Exercise brief
Pictures in the data must not be copied, but everything else should be output exactly.

Provided data
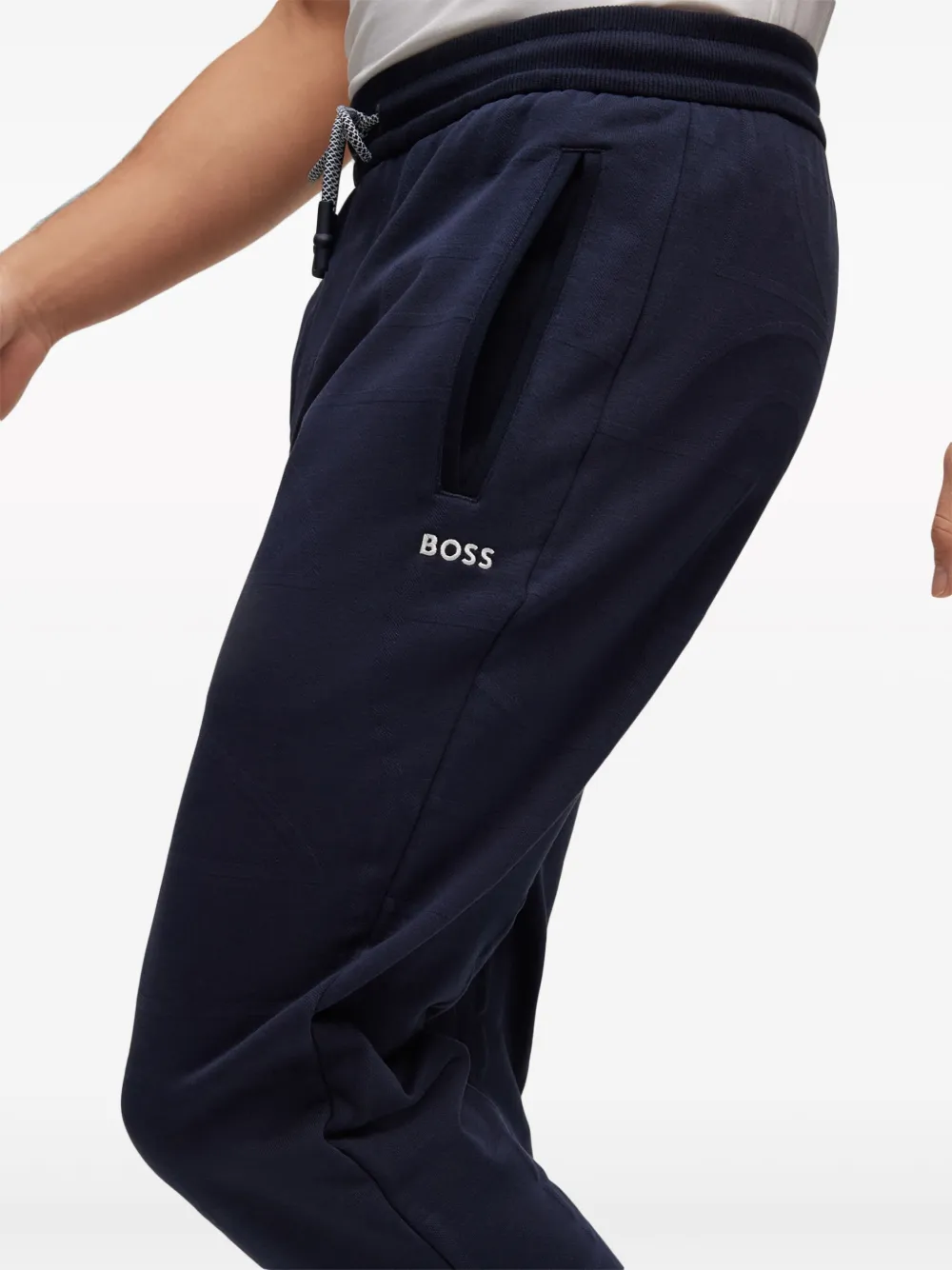 BOSS Trainingsbroek met geborduurd logo Blauw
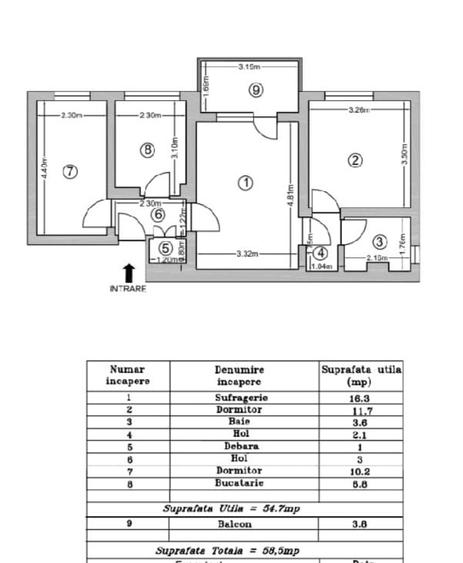 Apartament cu 3 camere semidecomandat în Calea București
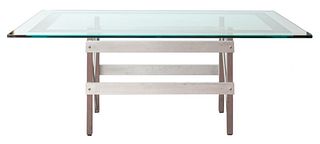 Modern Industrial Glass Dining Table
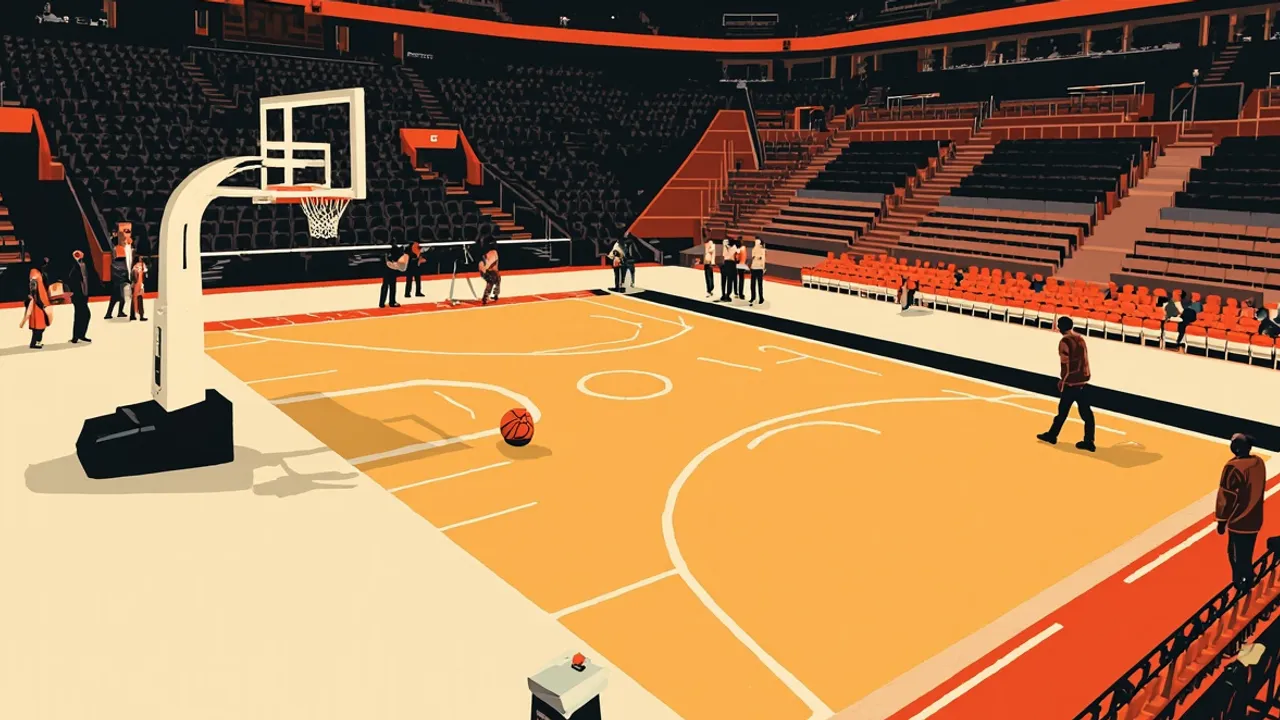 An overhead view of an indoor arena with a trophy and a basketball on the court, surrounded by children and community members at a finals event.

Problem solution
 BOSS Trainingsbroek met geborduurd logo Blauw
 Apartament cu 3 camere semidecomandat în Calea București
 Modern Industrial Glass Dining Table
 An overhead view of an indoor arena with a trophy and a basketball on the court, surrounded by children and community members at a finals event.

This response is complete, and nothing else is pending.